Friday, July 14, 2006

Intermission: Real People Don’t Keep Puppies in Their Cars

My friend hung out with my pretend boyfriend and me tonight. I hesitate to call him my pretend husband as I feel he must at least work for it. Act like it or not I still have the overall say in whether or not you receive the title. She says that at times she felt like the third wheel, which I hate that I made her feel like that because I have been the actual third wheel, in fact in high school I did it so much I wouldn’t have been surprised if I responded to someone calling me ‘third wheel’. Come to think of it, I have been a pretend girlfriend before. Scratch that, I’ve been a substitute girlfriend.

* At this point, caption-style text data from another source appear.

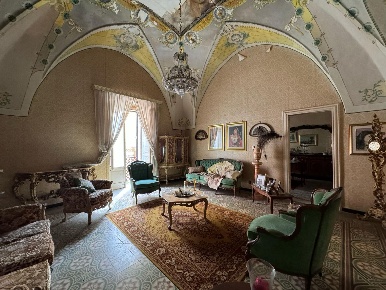 Foto Appartamento a San Pietro Vernotico Centro di 300 m² con 5 locali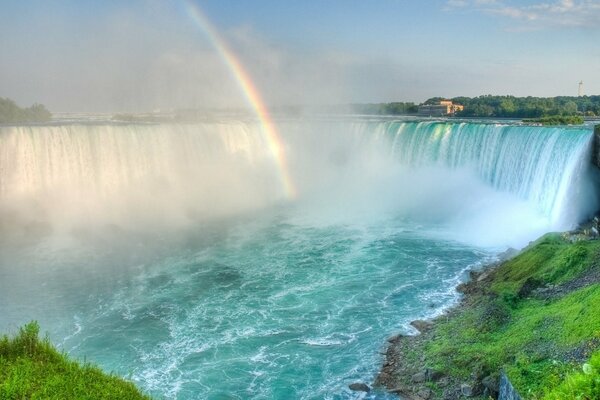 Arco iris sobre una cascada de montaña. paisaje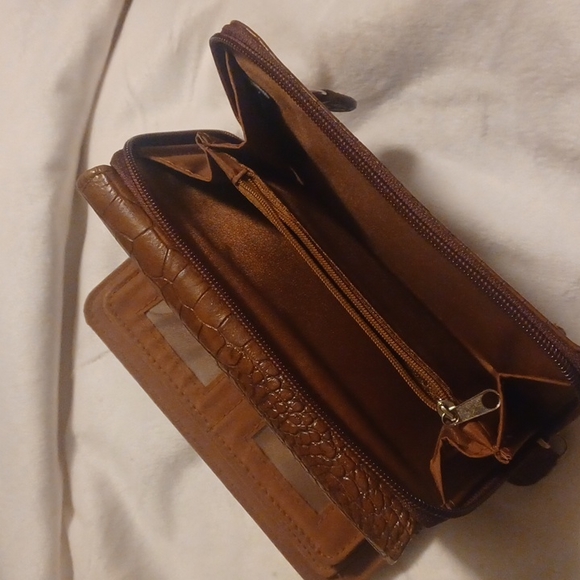 Wallet - Picture 3 of 3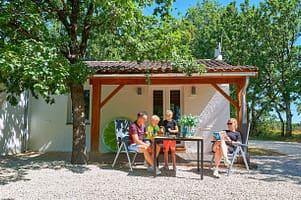chenille-1a-frankrijk-village-des-cigales-dordogne-lot-vakantiepark-zwembad-glijbaan-nederlands
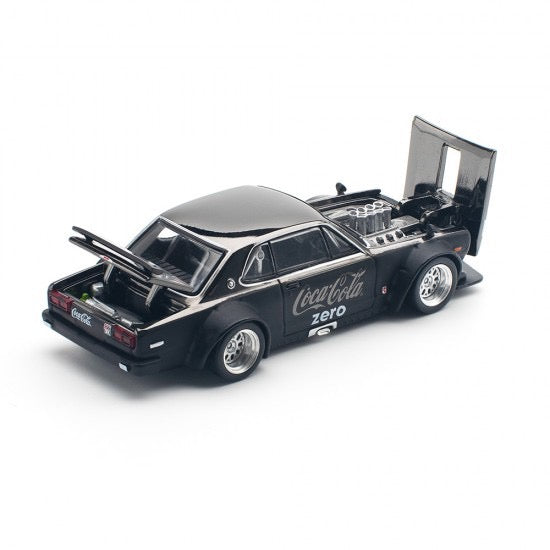 Chargez l&#39;image dans la visionneuse de la galerie, Nissan Skyline GT-R V8 Drift *Hakosuka* *Coca-Cola zero* Chrome noir POP RACE 1:64
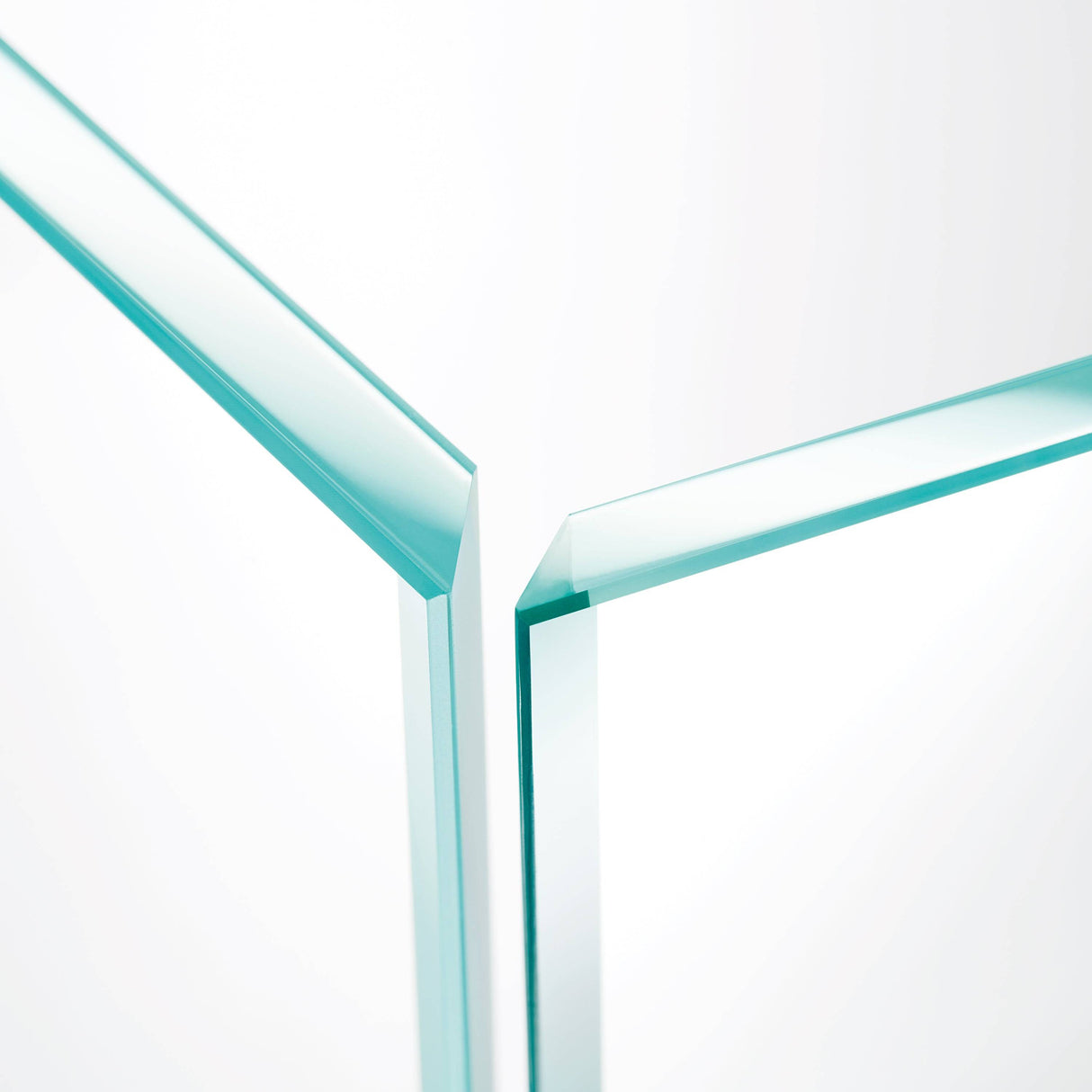 OASE ScaperLine 60 Aquarium features Mitered Corner Seams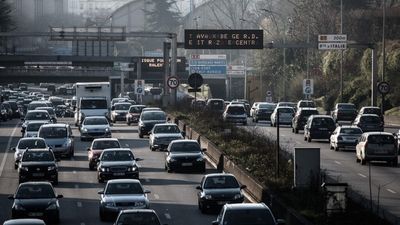 EU strikes deal to effectively ban fossil fuel vehicles from 2035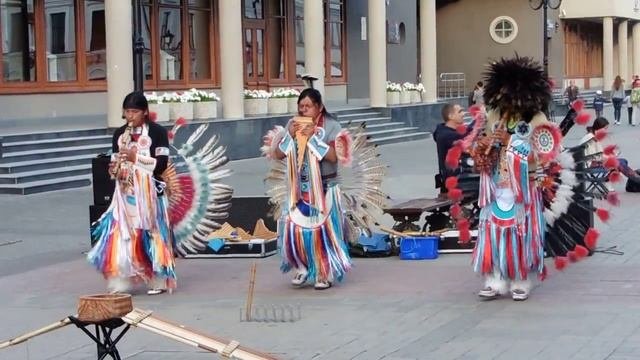 Уличные музыканты на улице Баумана в Казани...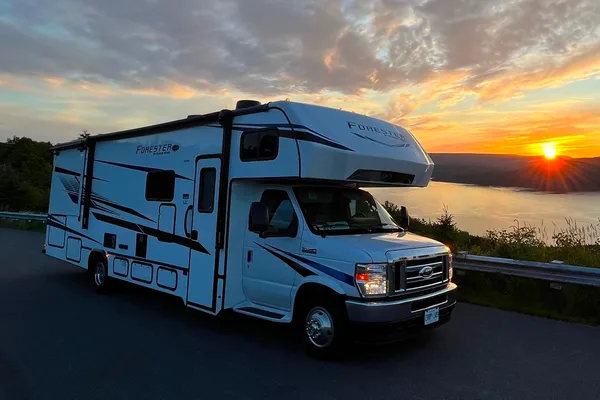 Meet “Forest” the comfy and complete motorhome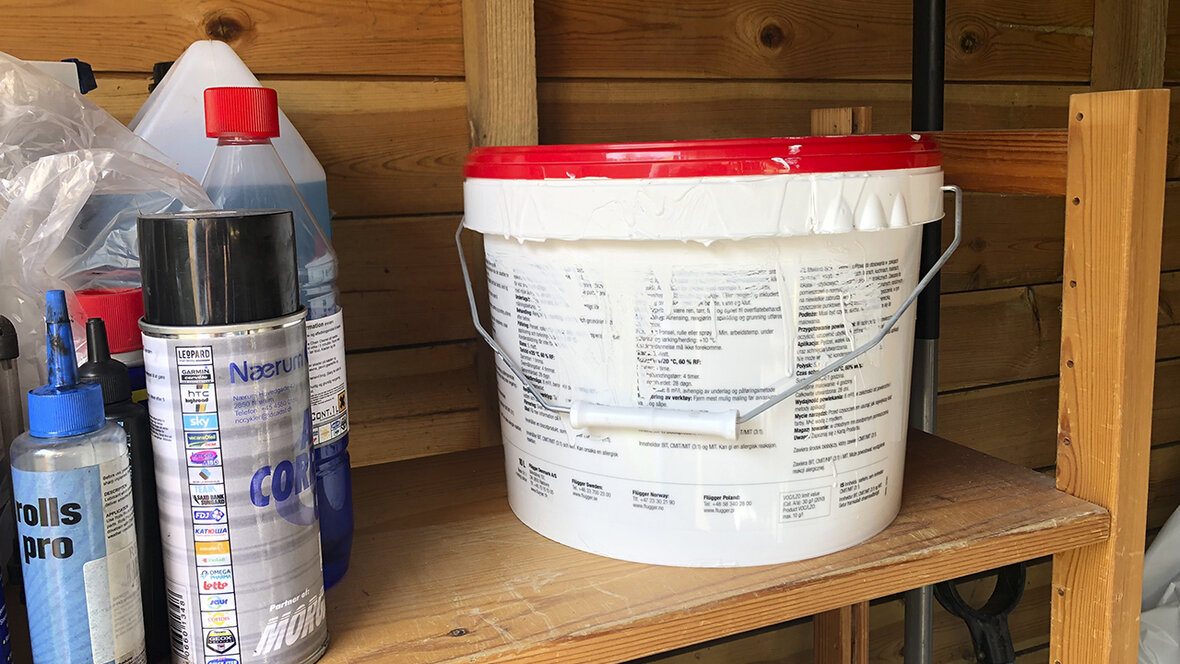 Maling i malerbøtte i skur og på loft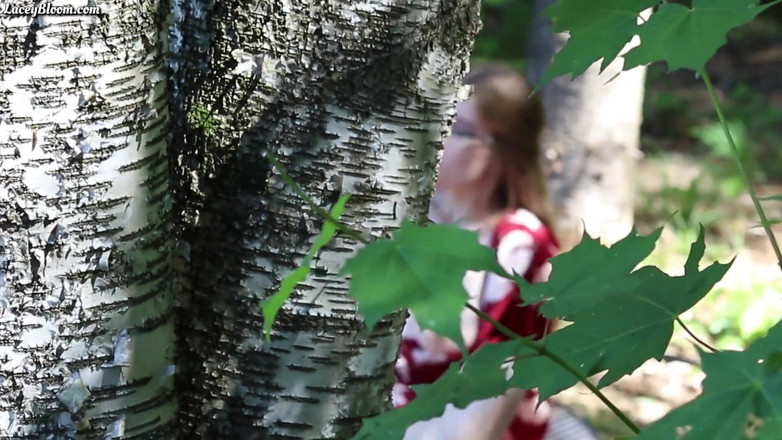 Lacey Bloom: Orgasmo en el bosque - Peeker en primer plano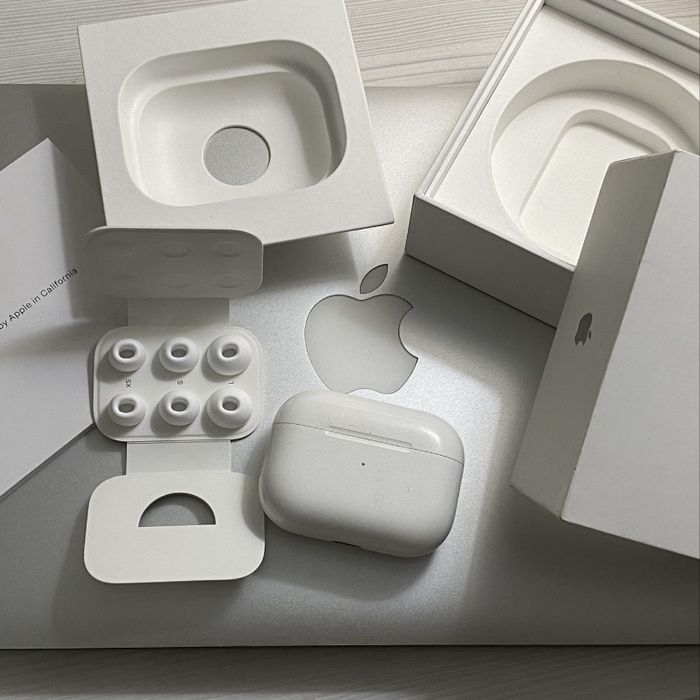 AirPods Pro 2 · 4 месяца с покупки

It’s much like being a substitute teacher, when the real teacher can’t come in to work that day they call a substitute, people generally like substitutes, or they mentally and emotionally abuse them. It’s a 50/50 chance. I was a substitute girlfriend for my best friend. She would call me when she couldn’t make a date with her boyfriend. Odd you say? Yes, looking back on it I would have to agree, somehow though when it was all happening I was just pulled into it without any thought. I have been on many dates as a substitute girlfriend, and yet, again, didn’t reap the benefits of the hard work, I guess the reward came years later, they are broken up and him and I are still really good friends. You can build a strong bond with those who you take out but never actually date, it can’t ever get weird. But again, I digress, which actually is the entire point of an intermission, so I digress from my digression. However, I didn’t really have much more to say about tonight aside from the fact that my friend even felt like my pretend boyfriend and I were “together” at times. I wonder what life will be like not even having my pretend boyfriend in the same state.